Dataset records:
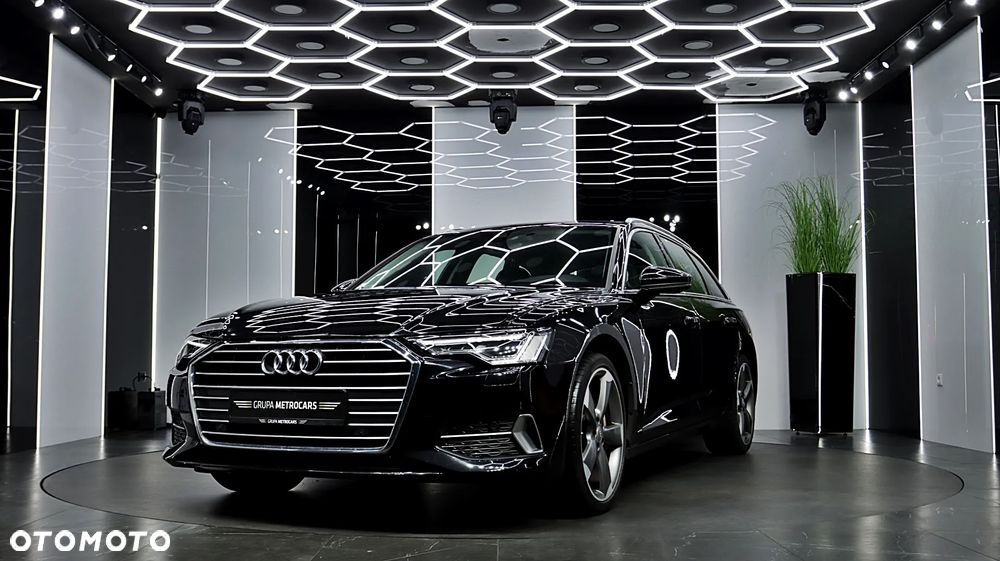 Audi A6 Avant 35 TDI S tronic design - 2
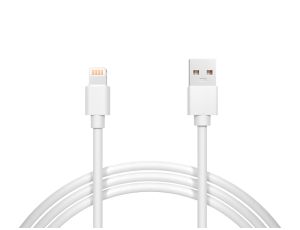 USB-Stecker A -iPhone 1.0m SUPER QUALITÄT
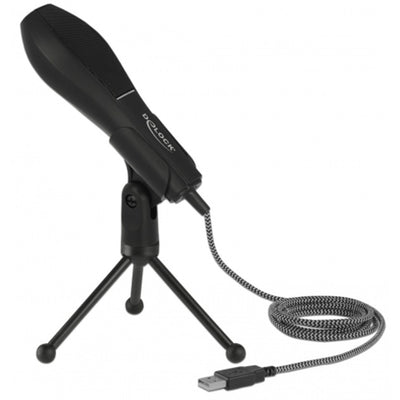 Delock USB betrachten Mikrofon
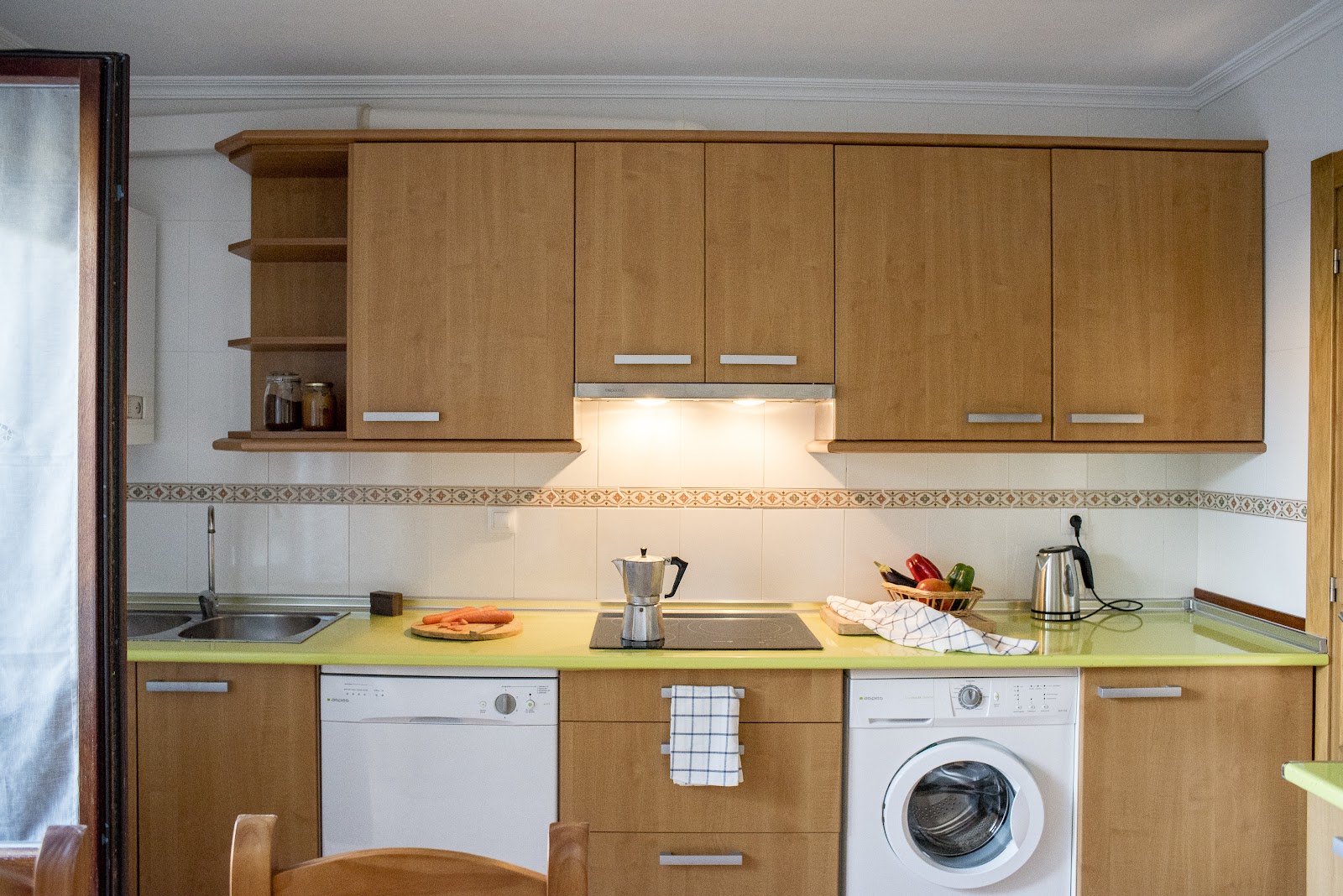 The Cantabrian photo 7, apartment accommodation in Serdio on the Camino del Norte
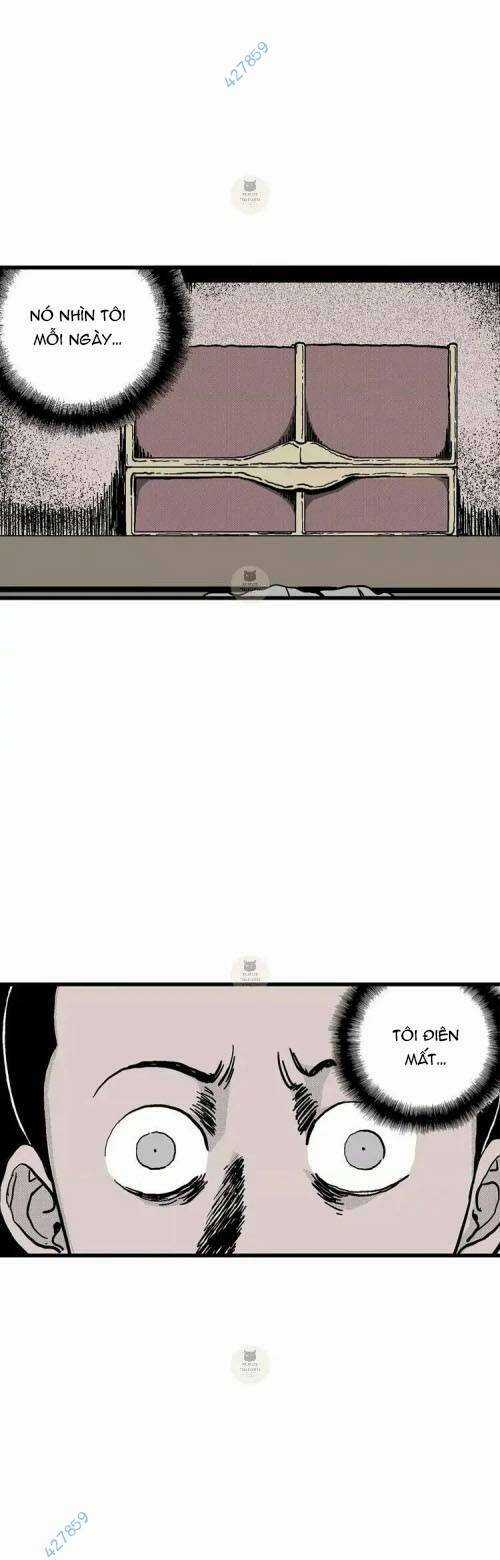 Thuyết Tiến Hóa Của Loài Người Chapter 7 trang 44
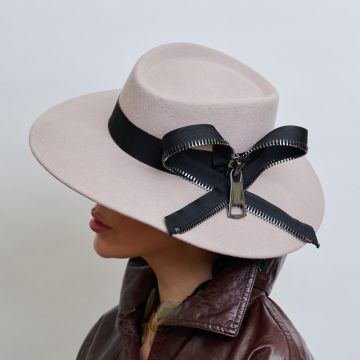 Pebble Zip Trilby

[What the task requires] Go through the entries and retype them exactly, except for the images.

[Exercise solution]
 Audi A6 Avant 35 TDI S tronic design - 2
 USB-Stecker A -iPhone 1.0m SUPER QUALITÄT
 Delock USB betrachten Mikrofon
 The Cantabrian photo 7, apartment accommodation in Serdio on the Camino del Norte
 Thuyết Tiến Hóa Của Loài Người Chapter 7 trang 44
 Pebble Zip Trilby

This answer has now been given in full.